> [EXERCISE DIRECTIONS]: Print every record exactly, omitting all pictures.

> [INPUT DATA]:
============

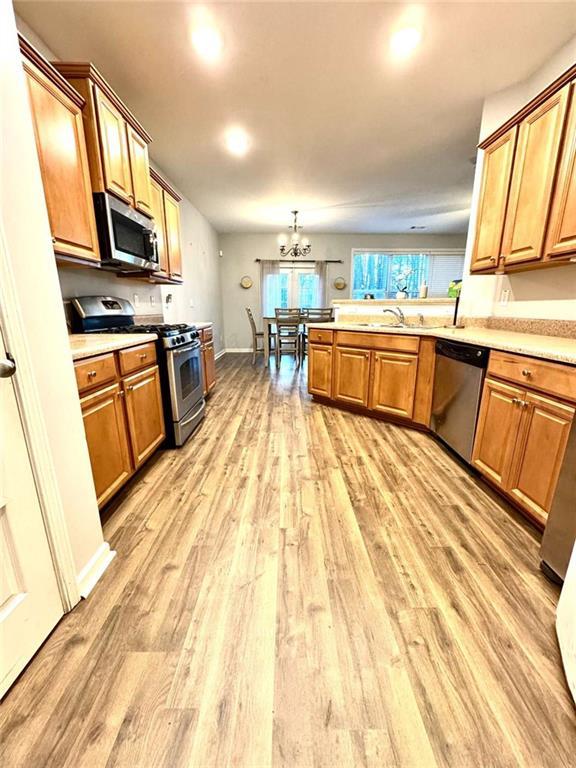 kitchen with kitchen peninsula, appliances with stainless steel finishes, light hardwood / wood-style floors, and a notable chandelier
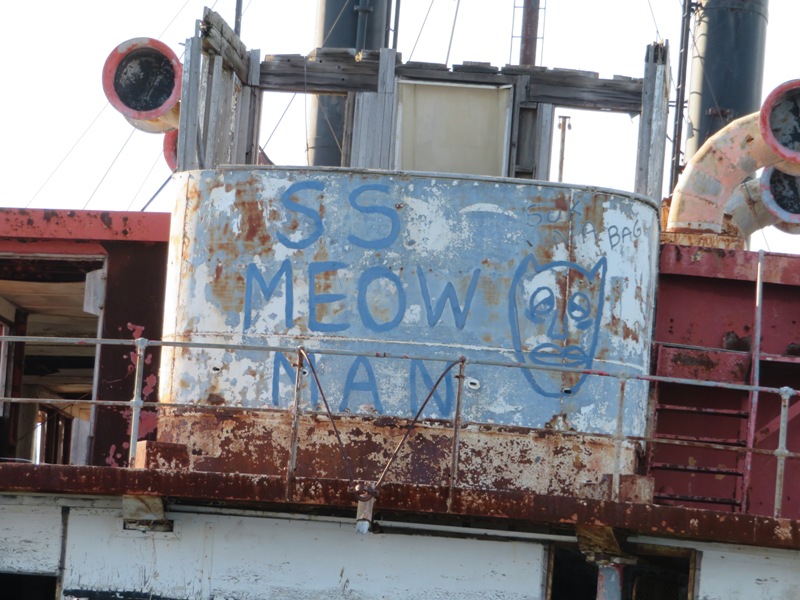 Graffiti designating this red tugboat the 'SS Meow Man'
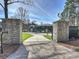 Grand entrance to the property with stone pillars and a secure gated driveway at 2536 Brawley School Rd, Mooresville, NC 28117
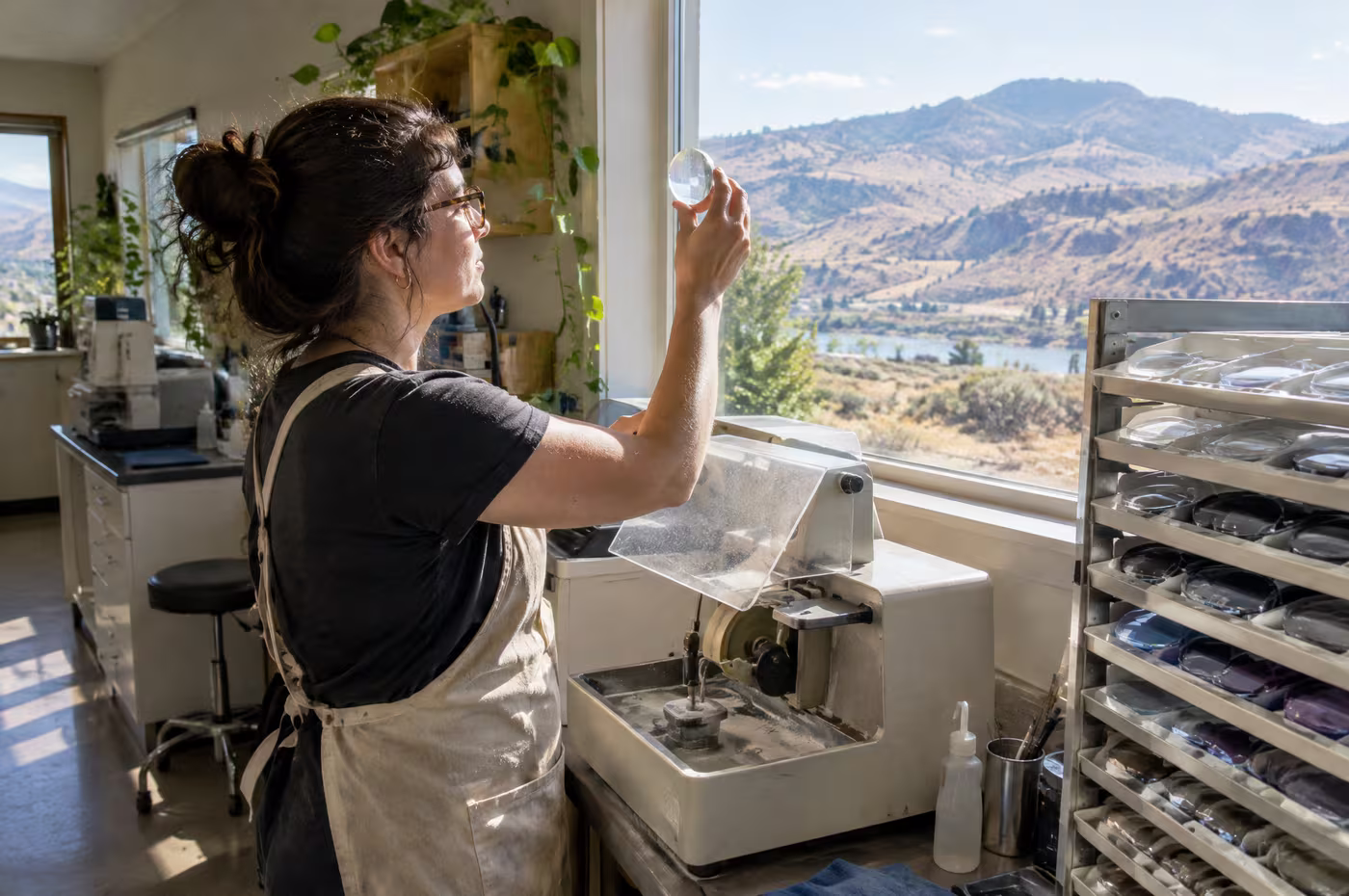 An optician in a canvas apron holding a freshly cut lens up to the window light in the workroom
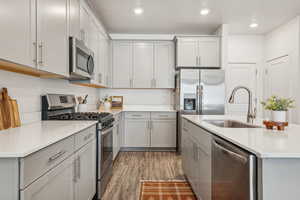 Kitchen featuring light countertops, stainless steel appliances, a sink, light wood-style floors, and gray cabinets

============

> [TASK ANSWER]:
 kitchen with kitchen peninsula, appliances with stainless steel finishes, light hardwood / wood-style floors, and a notable chandelier
 Graffiti designating this red tugboat the 'SS Meow Man'
 Grand entrance to the property with stone pillars and a secure gated driveway at 2536 Brawley School Rd, Mooresville, NC 28117
 An optician in a canvas apron holding a freshly cut lens up to the window light in the workroom
 Kitchen featuring light countertops, stainless steel appliances, a sink, light wood-style floors, and gray cabinets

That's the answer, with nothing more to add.